Un rapport parlementaire des députés Jean-Luc Warsmann (LR) et Laurent Saint-Martin (LREM) préconisait déjà de renforcer l’Agence de gestion et de recouvrement des avoirs saisis et confisqués (Agrasc), en créant des antennes régionales pour mieux saisir et identifier les biens mal acquis. Dans leur rapport intitulé « Investir pour mieux saisir, confisquer pour mieux sanctionner », les députés ont plaidé concernant les « biens mal acquis » par des dirigeants étrangers en France pour un « modèle de restitution sur mesure », avec la création d’une cellule ad hoc au sein du ministère des Affaires étrangères afin de « mettre en œuvre un mécanisme de réaffectation sociale des BMA » via le financement de projets de développements par l’Agence française de développement (AFD) « au profit des populations victimes de corruption internationale ».

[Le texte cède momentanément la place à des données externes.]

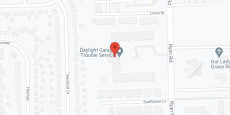 Ukrainian Village in google map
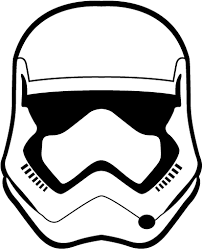 Das ist das neue ebay. First Order Stormtrooper Helmet Png Image Transparent First Order Stormtrooper Vector Full Size Png Download Seekpng
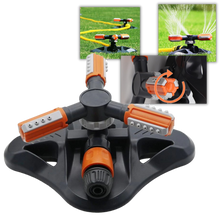 Carica l&#39;immagine nel visualizzatore di Gallery, Dispositivo di irrigazione a 360° regolabile - Ozerty
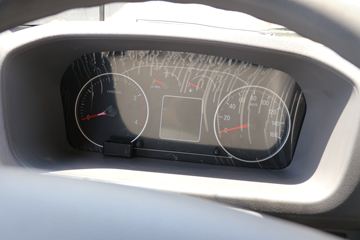 ���� ����CTS 143���� 4X2��س�(BJ5048XLC-FA)ͼƬ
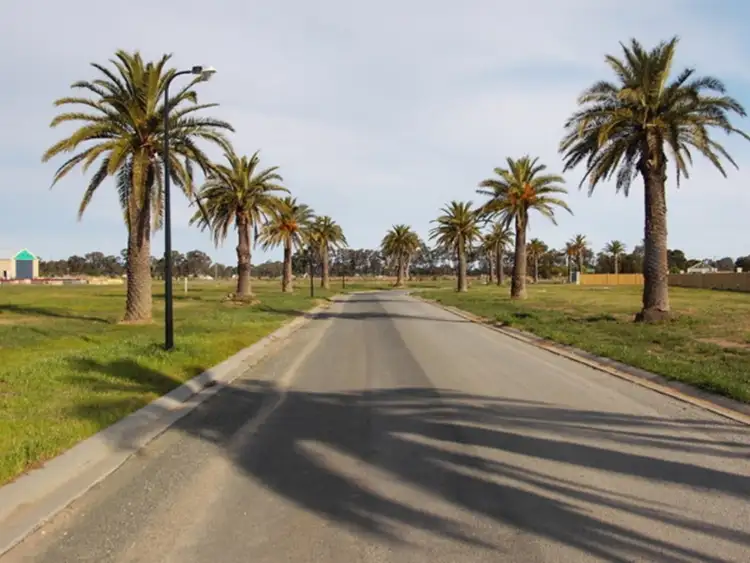 Second view of Homely land listing, 4 Caddie Court, Eagle Point VIC 3878
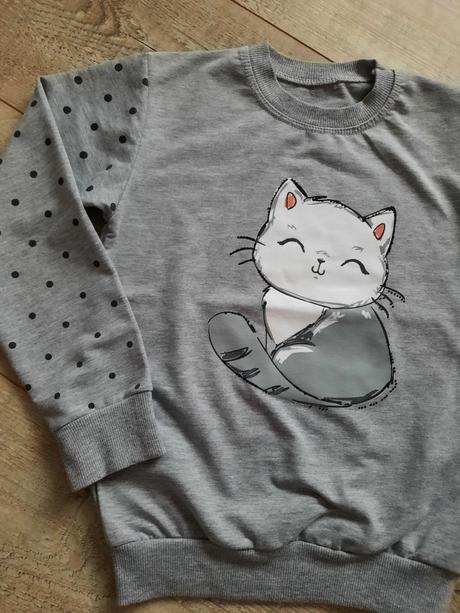 Pekný pulovrik 128, 128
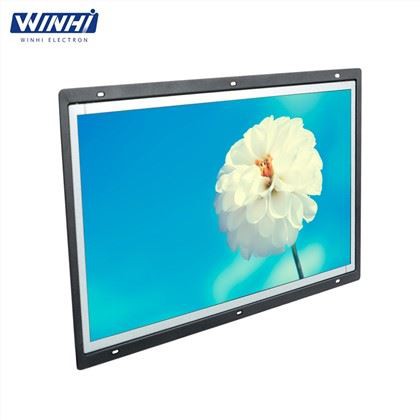 В магазине Digital Signage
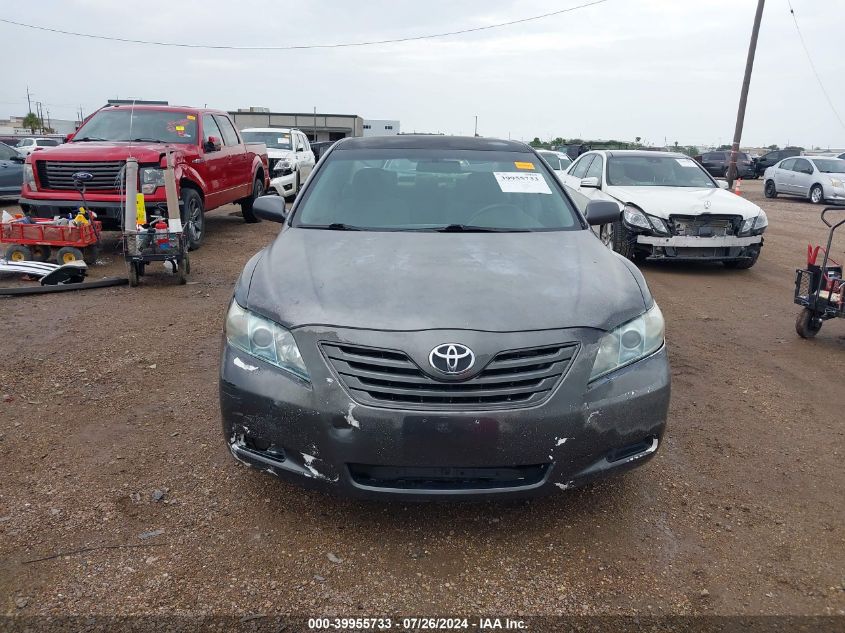 2010 Toyota Camry Hybrid VIN: 4T1BB3EK1AU124864 Lot: 39955733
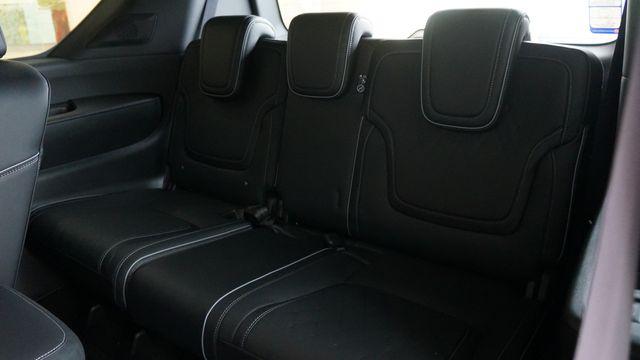 2026 INFINITI QX80 AUTOGRAPH AWD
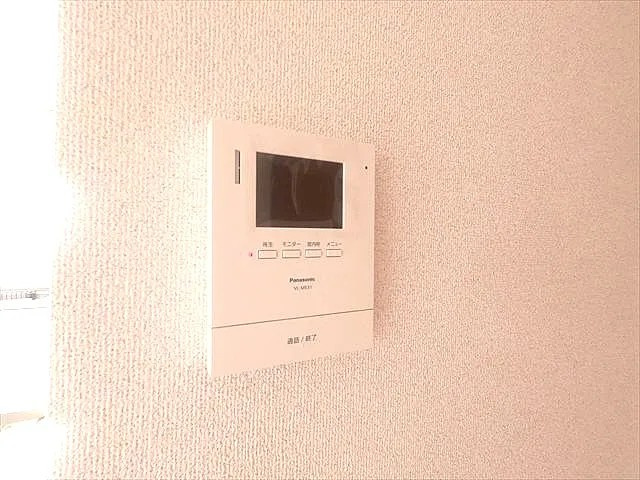 神戸市東灘区住吉本町２丁目の賃貸マンションのセキュリティ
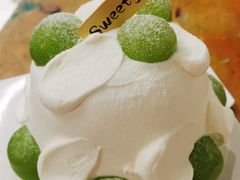 晴王动物奶油蛋糕-Sweety Fairy小蜜蜂蛋糕&下午茶(大柏树店)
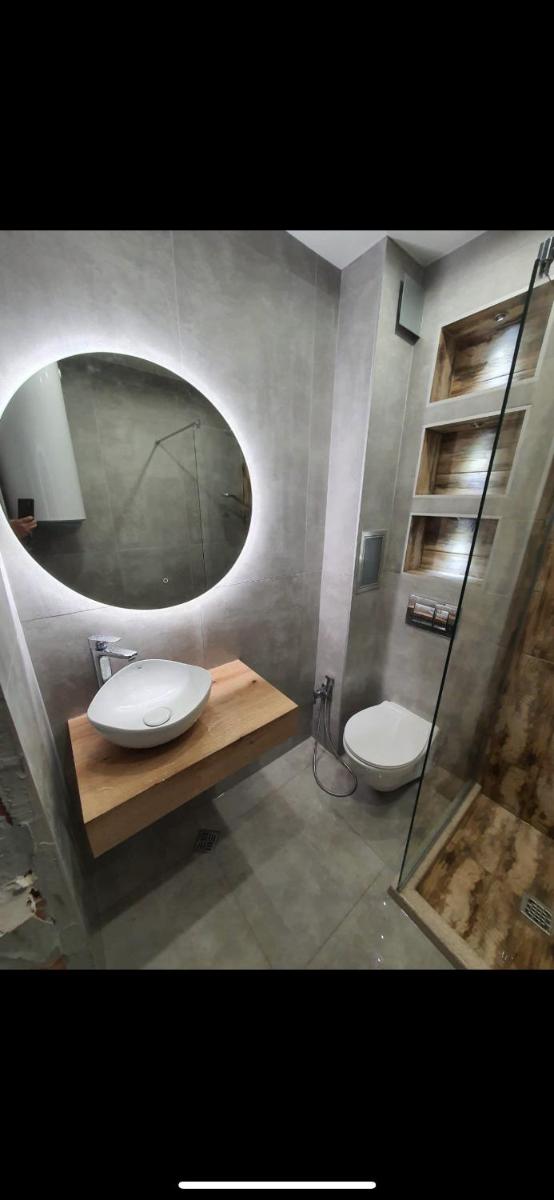 Brand new first line Sea view 2 bedroom apartment - Hizvo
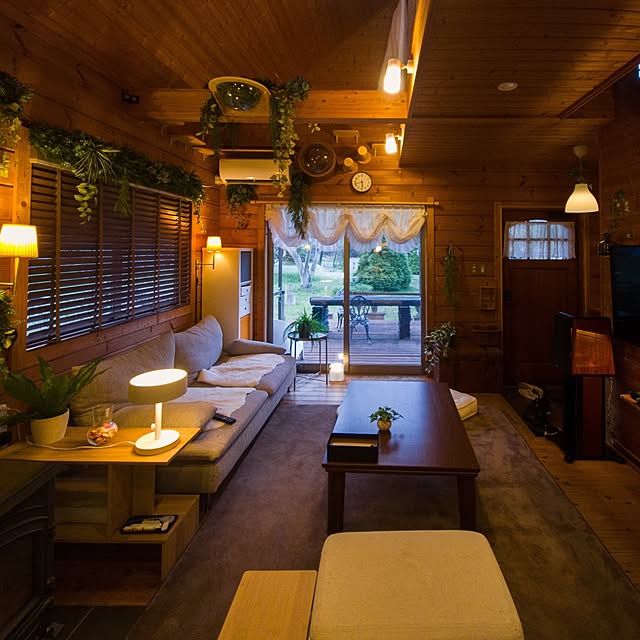 T.R.D.LABOさんの実例写真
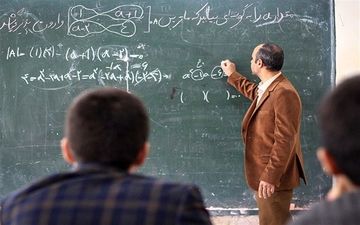  لایحه رتبه بندی معلمان در کمیسیون تخصصی دفتر هیئت دولت تصویب شد
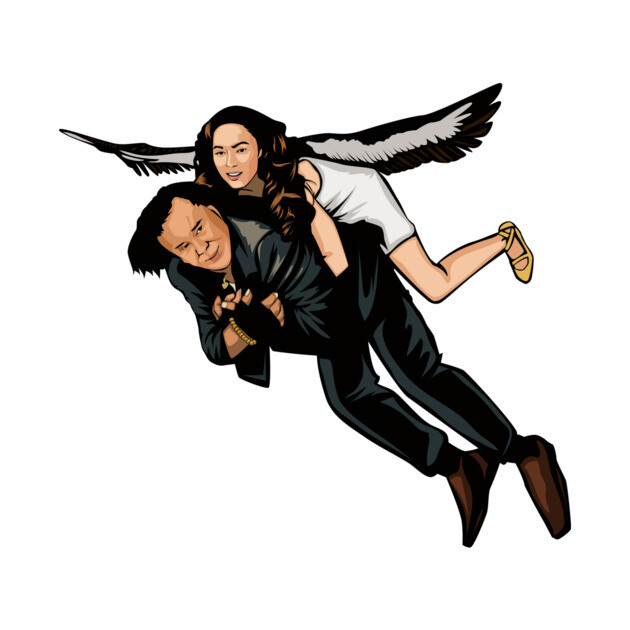 Passion Play by How Did This Get Made?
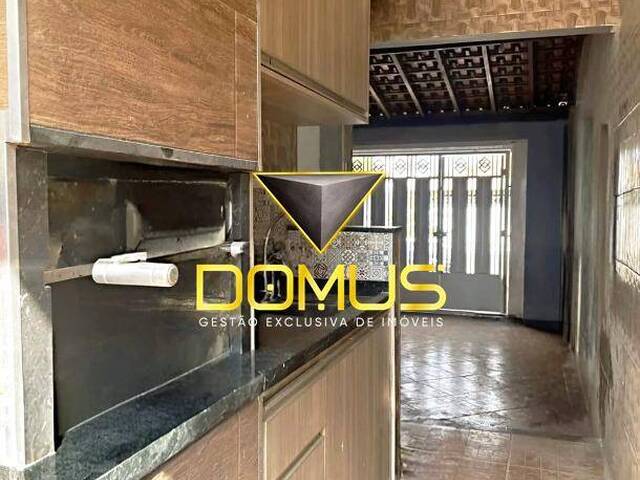 Casa para Venda em Ribeirão Preto - 2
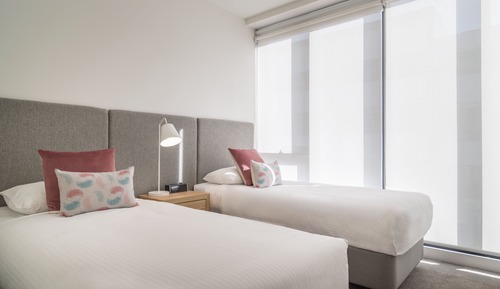 Appartement Premium, 2 chambres
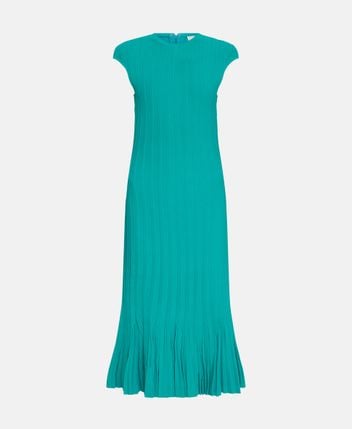 Knitted dress The Bridget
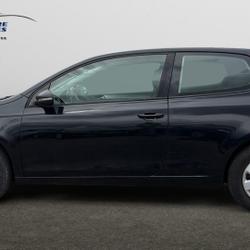 Volkswagen Golf 6 1.4 16S 80 Trendline La Montagne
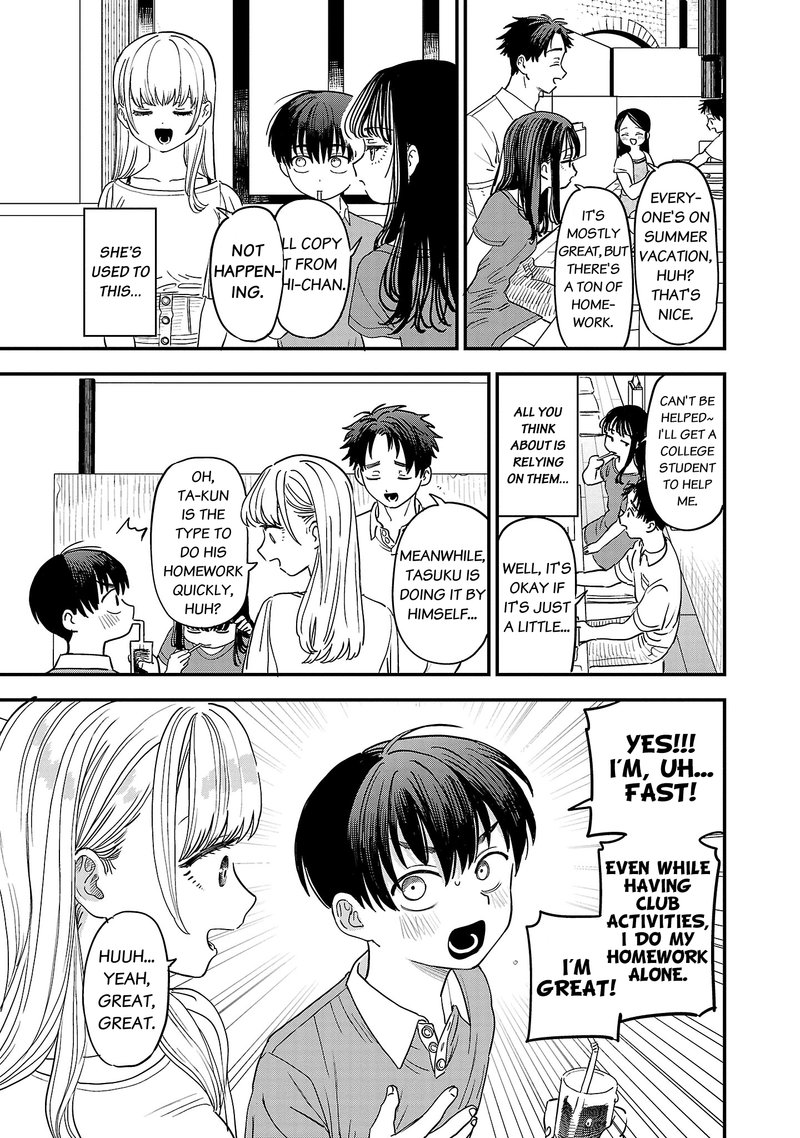 Tonari No Onee San Ga Suki 14 6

Des amendements ont été déposés pour faire figurer dans la loi une procédure de restitution des biens mal acquis, confisqués par la justice, via justement de l’aide au développement. Ces amendements de la majorité ont été adoptés en première lecture du projet de loi de programmation sur le développement. En les soutenant, le gouvernement a promis la création d’une ligne budgétaire spécifique. Les recettes proviendraient de « la cession des biens confisqués aux personnes définitivement condamnées pour blanchiment, recel ou blanchiment de recel ou d’autres infractions spécifiques du Code pénal », selon les amendements adoptés.
C’est dans ce contexte qu’a été introduit un mécanisme législatif qui prévoit de « restituer » aux populations, via des projets de développement, les avoirs confisqués par la justice française dans les affaires de « biens mal acquis » de dirigeants étrangers indélicats. Jusqu’ici, leurs victimes, c’est-à-dire les populations spoliées, n’en voyaient pas la couleur. Dans l’hémicycle, le secrétaire d’État Jean-Baptiste Lemoyne a insisté sur l’importance « de financer des actions de coopération et développement au plus près des populations » concernées par ces affaires de spoliation d’argent public à des fins privées.